La stessa logica vale anche per la politica interna dei regimi comunisti e spiega sia la loro irriformabilità che la loro crudeltà estrema nei confronti dei propri cittadini. Pipes, nel suo Il regime bolscevico (Mondadori, 2000) dimostra la perfetta continuità fra il sistema messo in piedi da Lenin e quello ereditato e perfezionato da Stalin. Non c’è uno "stalinismo" contro un "leninismo" (mito adottato dai comunisti per difendersi dalle accuse di genocidio): è sempre stata la stessa cosa.

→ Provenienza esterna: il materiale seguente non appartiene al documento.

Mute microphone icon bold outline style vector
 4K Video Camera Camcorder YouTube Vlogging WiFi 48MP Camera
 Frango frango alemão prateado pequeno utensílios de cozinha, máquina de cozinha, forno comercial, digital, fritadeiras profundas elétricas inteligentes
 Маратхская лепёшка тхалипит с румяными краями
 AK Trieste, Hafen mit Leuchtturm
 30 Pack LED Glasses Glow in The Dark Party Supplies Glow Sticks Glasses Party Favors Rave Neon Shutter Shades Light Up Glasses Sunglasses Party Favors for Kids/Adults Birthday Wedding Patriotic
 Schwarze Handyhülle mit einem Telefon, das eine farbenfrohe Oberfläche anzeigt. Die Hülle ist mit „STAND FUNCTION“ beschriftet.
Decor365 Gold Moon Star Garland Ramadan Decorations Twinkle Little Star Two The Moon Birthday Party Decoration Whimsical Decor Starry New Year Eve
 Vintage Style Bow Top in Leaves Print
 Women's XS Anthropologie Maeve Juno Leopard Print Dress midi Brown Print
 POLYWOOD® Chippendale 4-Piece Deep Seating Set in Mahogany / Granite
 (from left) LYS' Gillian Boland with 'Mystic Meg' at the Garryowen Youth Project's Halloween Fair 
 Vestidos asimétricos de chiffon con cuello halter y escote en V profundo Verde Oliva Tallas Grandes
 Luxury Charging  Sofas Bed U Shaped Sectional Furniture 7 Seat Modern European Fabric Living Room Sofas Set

Fu Lenin a introdurre la polizia politica, i gulag, il terrore di massa, il controllo totale delle coscienze dei cittadini. Stalin vi aggiunse solo il proprio culto della personalità e perfezionò quel che c’era già. L’obiettivo, anche qui, era la rivoluzione: cambiare i connotati della società per fare l’uomo nuovo. Sbaglia anche chi legge la storia del regime sovietico in continuità con il vecchio regime zarista. Per Pipes, la cesura è netta: l’Urss non era più Russia, era un esperimento completamente nuovo. Mirava al mondo, non ad allargare i propri confini.
Non tutta l’opera di Pipes si riduce alla critica del sistema comunista. Il cuore della sua idea di società si trova in Proprietà e libertà (Lindau, 2008) dove lo storico spiega che, in tutta la storia umana, dall’era classica ad oggi, è la proprietà privata il primo baluardo della libertà e dei diritti. Solo laddove la proprietà privata viene tutelata, cresce una cultura dei diritti umani che limita il potere arbitrario del sovrano e dello Stato. E sono queste le basi di quella contro-rivoluzione che, sotto le amministrazioni Reagan, spazzò via l’impero rosso, senza combattere, in appena otto anni.